Project description:Sound symbolism refers to the non-arbitrary mappings that exist between phonetic properties of speech sounds and their meaning. Despite there being an extensive literature on the topic, the acoustic features and psychological mechanisms that give rise to sound symbolism are not, as yet, altogether clear. The present study was designed to investigate whether different sets of acoustic cues predict size and shape symbolism, respectively.

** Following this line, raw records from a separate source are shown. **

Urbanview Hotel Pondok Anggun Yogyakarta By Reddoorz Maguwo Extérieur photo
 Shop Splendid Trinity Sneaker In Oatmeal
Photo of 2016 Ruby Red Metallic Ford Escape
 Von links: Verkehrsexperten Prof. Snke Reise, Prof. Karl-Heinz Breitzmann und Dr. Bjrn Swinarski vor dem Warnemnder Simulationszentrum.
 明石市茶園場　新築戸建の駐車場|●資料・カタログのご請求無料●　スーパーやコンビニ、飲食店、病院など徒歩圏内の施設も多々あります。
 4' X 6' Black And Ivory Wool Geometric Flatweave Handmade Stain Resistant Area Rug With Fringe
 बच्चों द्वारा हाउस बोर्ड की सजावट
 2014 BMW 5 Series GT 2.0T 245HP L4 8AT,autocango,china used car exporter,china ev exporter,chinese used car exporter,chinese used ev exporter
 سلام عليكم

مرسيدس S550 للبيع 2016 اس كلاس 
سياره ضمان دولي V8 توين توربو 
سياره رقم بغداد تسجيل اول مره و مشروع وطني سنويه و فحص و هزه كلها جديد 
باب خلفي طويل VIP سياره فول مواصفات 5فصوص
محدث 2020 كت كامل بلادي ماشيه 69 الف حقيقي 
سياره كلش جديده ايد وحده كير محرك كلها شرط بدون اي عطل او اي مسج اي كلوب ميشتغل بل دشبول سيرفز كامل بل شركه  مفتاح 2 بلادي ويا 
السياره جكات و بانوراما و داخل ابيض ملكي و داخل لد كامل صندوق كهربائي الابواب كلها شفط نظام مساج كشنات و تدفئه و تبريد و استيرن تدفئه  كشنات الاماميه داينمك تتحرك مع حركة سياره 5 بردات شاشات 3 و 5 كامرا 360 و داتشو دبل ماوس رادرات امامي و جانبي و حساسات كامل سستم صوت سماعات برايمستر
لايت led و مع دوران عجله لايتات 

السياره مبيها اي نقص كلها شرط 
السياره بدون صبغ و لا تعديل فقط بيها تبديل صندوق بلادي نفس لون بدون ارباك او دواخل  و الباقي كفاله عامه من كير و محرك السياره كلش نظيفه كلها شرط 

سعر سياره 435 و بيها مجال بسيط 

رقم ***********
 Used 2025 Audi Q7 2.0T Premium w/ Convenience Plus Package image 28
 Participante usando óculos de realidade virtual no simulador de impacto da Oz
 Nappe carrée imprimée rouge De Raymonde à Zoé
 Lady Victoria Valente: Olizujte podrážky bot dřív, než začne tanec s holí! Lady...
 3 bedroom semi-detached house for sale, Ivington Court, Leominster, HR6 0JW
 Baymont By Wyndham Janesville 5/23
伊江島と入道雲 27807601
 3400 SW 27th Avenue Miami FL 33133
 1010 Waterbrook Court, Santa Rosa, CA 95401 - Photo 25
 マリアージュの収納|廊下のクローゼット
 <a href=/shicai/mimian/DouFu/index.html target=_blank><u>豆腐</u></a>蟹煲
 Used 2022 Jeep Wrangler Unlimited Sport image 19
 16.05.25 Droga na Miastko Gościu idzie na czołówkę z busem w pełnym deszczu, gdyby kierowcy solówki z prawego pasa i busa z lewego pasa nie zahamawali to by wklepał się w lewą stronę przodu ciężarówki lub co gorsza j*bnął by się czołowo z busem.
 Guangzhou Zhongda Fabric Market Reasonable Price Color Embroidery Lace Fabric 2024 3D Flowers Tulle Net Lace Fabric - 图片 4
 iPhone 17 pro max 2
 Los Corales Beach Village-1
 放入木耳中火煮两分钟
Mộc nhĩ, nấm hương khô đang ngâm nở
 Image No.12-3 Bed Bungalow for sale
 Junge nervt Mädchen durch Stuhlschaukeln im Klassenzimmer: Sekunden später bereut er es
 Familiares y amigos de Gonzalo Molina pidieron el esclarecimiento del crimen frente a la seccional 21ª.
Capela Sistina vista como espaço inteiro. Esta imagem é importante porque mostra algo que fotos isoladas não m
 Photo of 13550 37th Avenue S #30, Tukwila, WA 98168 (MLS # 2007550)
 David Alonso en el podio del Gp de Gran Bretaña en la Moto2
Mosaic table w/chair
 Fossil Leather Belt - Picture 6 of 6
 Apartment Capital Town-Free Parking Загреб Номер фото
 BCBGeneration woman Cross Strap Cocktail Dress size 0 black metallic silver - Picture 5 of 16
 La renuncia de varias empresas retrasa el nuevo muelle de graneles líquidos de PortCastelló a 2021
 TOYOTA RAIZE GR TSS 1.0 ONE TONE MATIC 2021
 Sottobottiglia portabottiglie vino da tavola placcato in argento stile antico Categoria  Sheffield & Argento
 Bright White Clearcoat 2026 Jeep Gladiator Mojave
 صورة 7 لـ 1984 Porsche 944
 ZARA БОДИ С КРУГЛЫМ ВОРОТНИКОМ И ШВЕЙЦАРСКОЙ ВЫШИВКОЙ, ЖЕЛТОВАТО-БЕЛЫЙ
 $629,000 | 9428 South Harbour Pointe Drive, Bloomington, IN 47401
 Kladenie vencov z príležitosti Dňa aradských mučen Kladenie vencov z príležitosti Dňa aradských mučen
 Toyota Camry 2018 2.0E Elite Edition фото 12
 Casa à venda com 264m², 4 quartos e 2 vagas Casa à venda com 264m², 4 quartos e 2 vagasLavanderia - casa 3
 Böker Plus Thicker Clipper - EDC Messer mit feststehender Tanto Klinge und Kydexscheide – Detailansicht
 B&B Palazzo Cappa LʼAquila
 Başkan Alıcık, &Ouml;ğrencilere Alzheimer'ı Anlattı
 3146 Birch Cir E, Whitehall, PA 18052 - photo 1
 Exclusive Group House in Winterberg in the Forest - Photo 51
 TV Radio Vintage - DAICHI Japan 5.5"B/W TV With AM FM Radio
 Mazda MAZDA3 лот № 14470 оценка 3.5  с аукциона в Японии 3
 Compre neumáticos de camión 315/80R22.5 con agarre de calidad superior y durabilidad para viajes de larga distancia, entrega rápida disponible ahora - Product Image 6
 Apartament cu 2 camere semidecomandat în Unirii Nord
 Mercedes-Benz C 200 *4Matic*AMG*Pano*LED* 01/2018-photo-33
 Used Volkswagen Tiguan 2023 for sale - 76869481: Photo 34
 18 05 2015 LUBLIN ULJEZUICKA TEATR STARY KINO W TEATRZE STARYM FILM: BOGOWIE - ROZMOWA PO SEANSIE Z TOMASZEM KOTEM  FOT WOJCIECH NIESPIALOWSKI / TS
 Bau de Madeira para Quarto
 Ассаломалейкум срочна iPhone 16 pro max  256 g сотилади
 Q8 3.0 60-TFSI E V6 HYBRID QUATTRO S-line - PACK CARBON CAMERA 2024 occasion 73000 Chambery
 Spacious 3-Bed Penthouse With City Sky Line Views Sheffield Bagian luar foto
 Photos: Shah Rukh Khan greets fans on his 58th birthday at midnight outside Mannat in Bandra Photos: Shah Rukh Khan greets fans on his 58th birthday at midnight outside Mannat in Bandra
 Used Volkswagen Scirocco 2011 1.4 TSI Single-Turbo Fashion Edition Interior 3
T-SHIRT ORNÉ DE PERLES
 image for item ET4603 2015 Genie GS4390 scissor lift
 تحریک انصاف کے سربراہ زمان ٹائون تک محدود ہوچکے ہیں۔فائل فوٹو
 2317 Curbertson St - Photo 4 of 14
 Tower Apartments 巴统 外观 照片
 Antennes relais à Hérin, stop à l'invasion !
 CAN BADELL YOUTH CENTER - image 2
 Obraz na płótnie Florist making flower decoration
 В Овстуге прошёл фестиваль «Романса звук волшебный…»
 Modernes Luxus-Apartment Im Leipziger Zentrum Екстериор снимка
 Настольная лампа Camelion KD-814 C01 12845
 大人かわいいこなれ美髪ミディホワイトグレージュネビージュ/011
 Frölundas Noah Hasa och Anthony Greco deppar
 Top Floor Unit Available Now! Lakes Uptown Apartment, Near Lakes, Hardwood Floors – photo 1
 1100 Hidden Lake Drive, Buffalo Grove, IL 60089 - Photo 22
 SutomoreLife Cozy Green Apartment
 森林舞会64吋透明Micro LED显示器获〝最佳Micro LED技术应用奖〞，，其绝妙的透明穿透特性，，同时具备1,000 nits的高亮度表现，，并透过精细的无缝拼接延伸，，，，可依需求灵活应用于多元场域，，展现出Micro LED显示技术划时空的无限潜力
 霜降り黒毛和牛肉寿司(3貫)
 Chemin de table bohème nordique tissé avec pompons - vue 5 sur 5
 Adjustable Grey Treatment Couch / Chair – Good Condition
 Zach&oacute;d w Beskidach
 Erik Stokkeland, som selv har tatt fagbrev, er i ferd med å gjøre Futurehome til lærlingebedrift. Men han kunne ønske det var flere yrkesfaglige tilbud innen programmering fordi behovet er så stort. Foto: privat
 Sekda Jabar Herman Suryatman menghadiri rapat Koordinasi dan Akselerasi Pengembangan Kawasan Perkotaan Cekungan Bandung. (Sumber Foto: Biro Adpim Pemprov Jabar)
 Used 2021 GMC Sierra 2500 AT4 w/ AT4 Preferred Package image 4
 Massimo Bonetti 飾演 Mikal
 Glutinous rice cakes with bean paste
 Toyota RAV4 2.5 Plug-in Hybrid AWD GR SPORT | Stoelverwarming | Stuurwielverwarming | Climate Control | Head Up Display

In two experiments, participants judged whether a given consonant-vowel speech sound was large or small, round or angular, using a size or shape scale. Visual size judgments were predicted by vowel formant F1 in combination with F2, and by vowel duration. Visual shape judgments were, however, predicted by formants F2 and F3. Size and shape symbolism were thus not induced by a common mechanism, but rather were distinctly affected by acoustic properties of speech sounds. These findings portray sound symbolism as a process that is not based merely on broad categorical contrasts, such as round/unround and front/back vowels. Rather, individuals seem to base their sound-symbolic judgments on specific sets of acoustic cues, extracted from speech sounds, which vary across judgment dimensions.